● **Problem**:
Copy out all of the lines below exactly; the pictures do not belong in the copy.

● **Provided data**:
-------

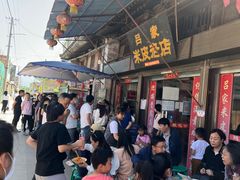-吕家米皮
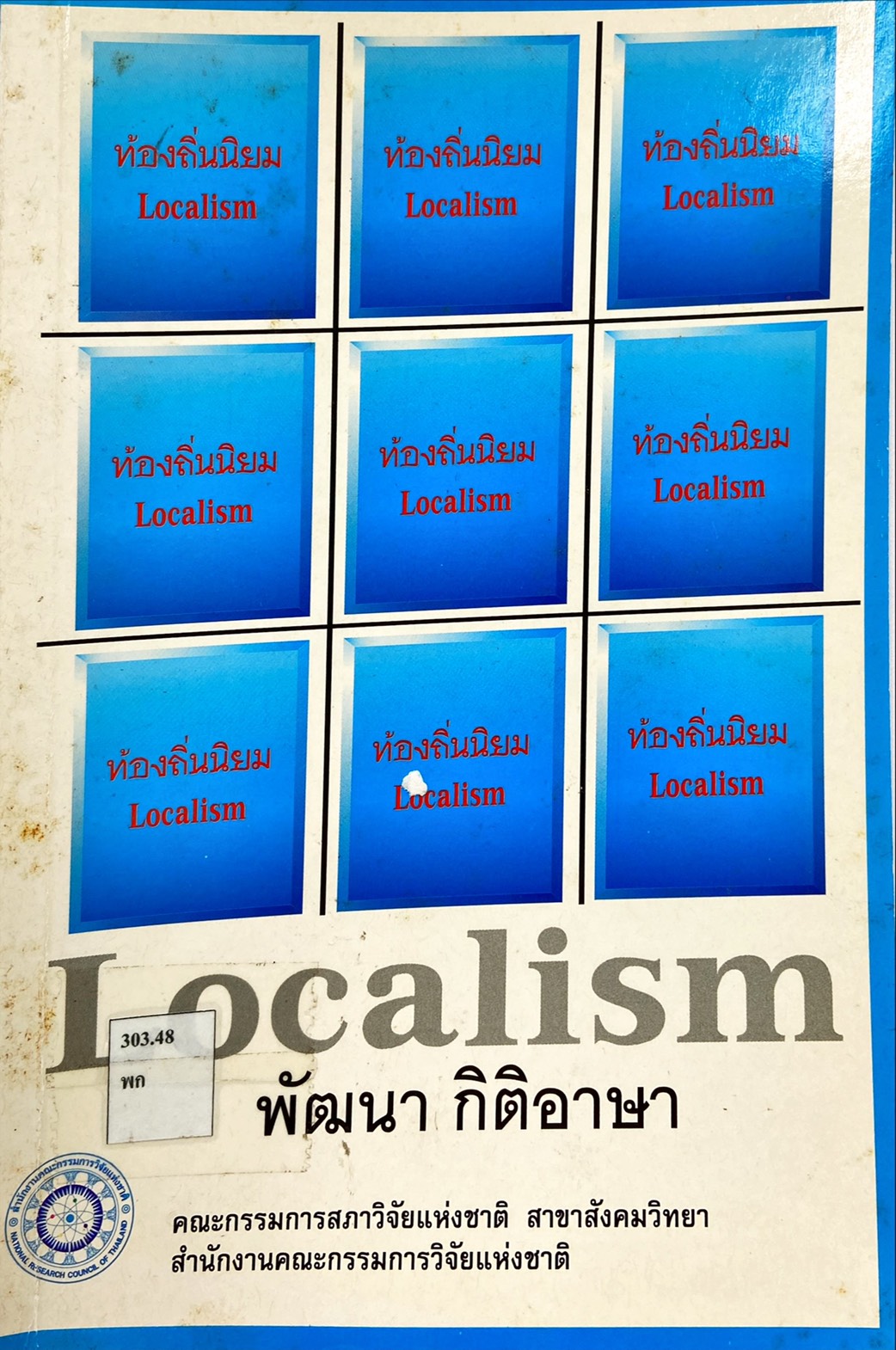 ท้องถิ่นนิยม : Localism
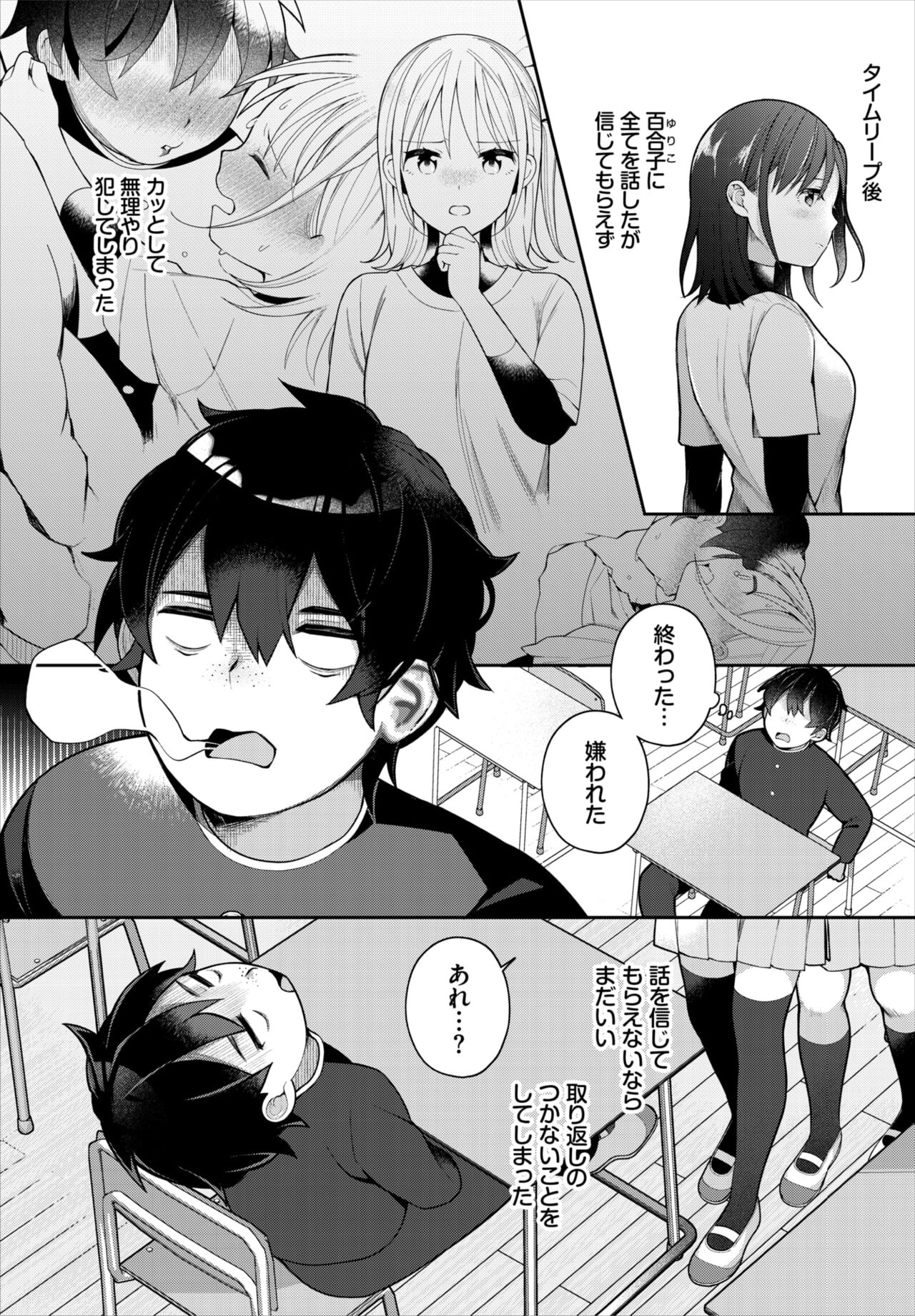 Dascomi Vol.20 page 4 full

-------

● **Finished exercise**:
-吕家米皮
 ท้องถิ่นนิยม : Localism
 Dascomi Vol.20 page 4 full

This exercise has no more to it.